• **Exercise details**
Produce a word-for-word copy of the data that follows, excluding images.
Data shown section start
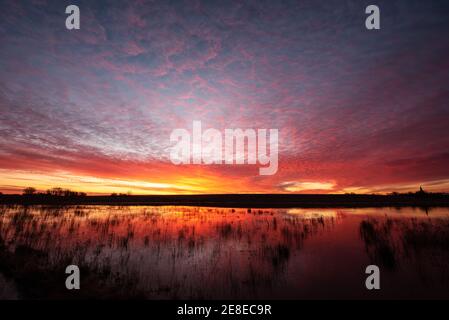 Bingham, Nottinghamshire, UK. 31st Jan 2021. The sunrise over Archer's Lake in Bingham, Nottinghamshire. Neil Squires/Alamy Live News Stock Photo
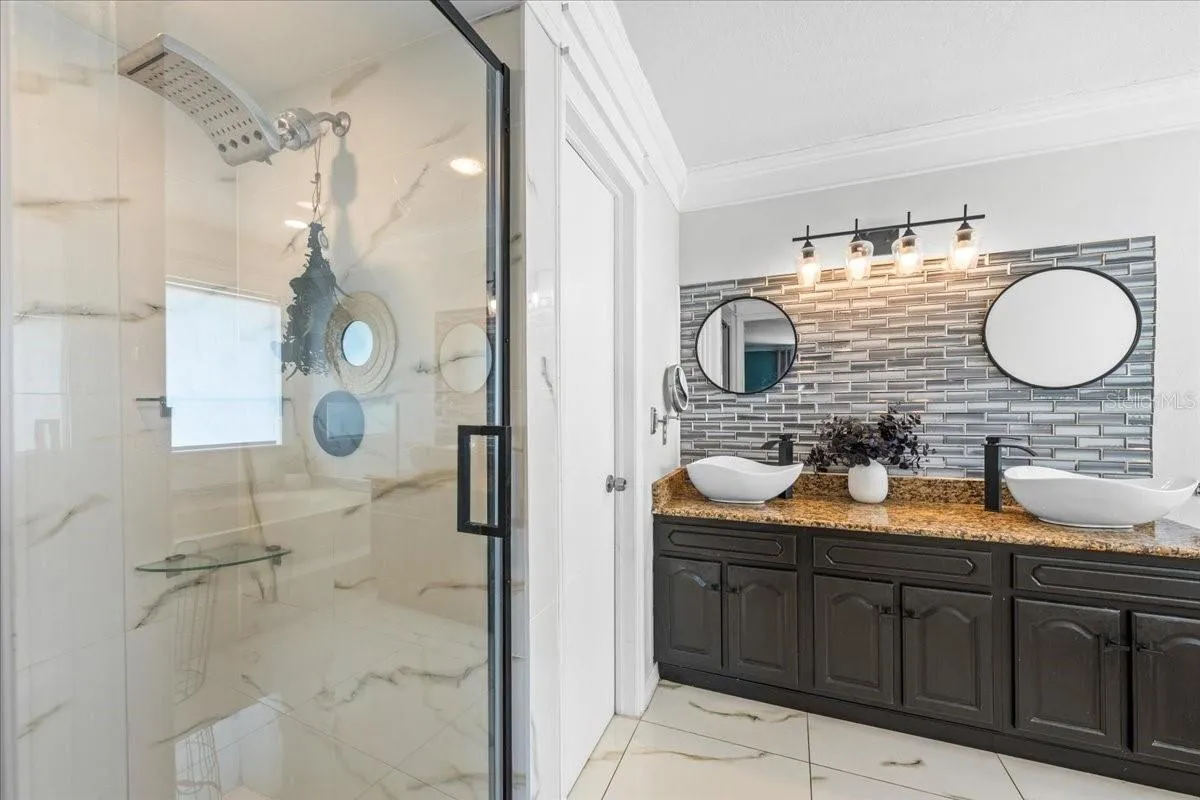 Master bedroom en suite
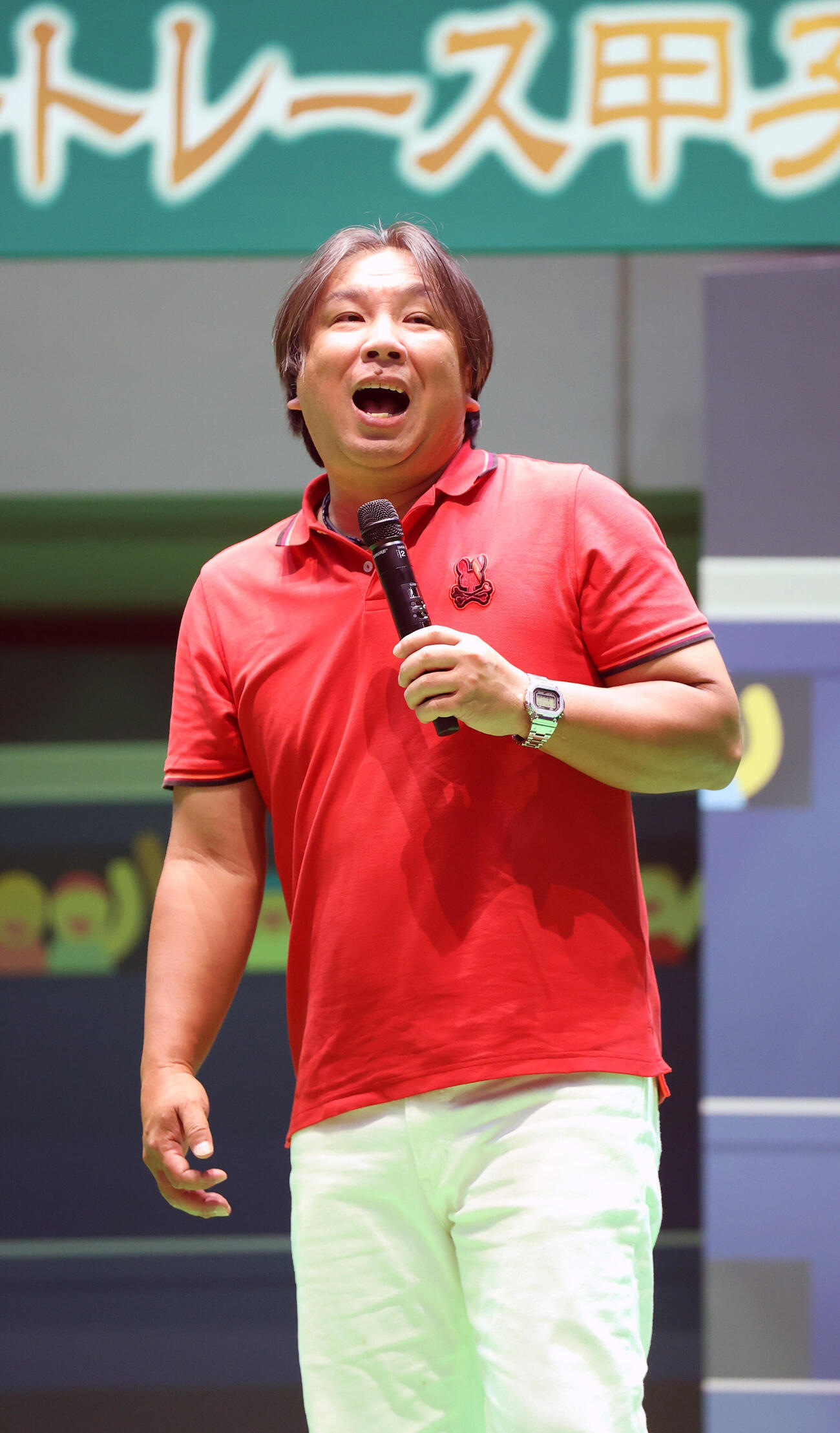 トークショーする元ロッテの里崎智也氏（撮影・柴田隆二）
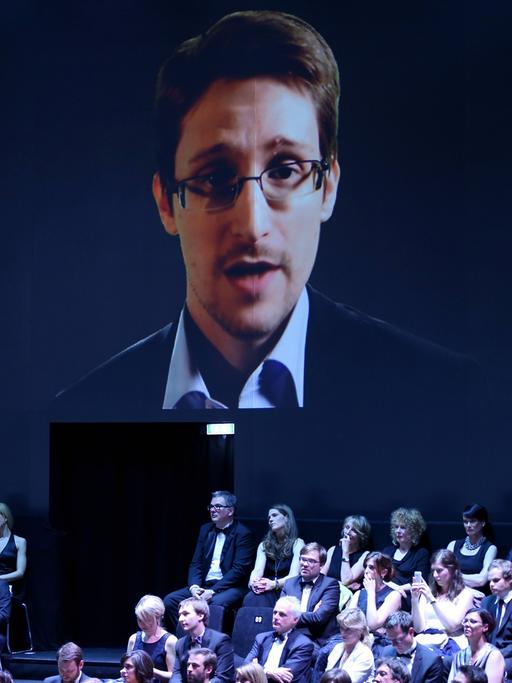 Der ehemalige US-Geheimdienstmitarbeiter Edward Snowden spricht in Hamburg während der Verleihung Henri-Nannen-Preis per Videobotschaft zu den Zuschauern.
Data shown section end
• **Response to this task**
 Bingham, Nottinghamshire, UK. 31st Jan 2021. The sunrise over Archer's Lake in Bingham, Nottinghamshire. Neil Squires/Alamy Live News Stock Photo
 Master bedroom en suite
 トークショーする元ロッテの里崎智也氏（撮影・柴田隆二）
 Der ehemalige US-Geheimdienstmitarbeiter Edward Snowden spricht in Hamburg während der Verleihung Henri-Nannen-Preis per Videobotschaft zu den Zuschauern.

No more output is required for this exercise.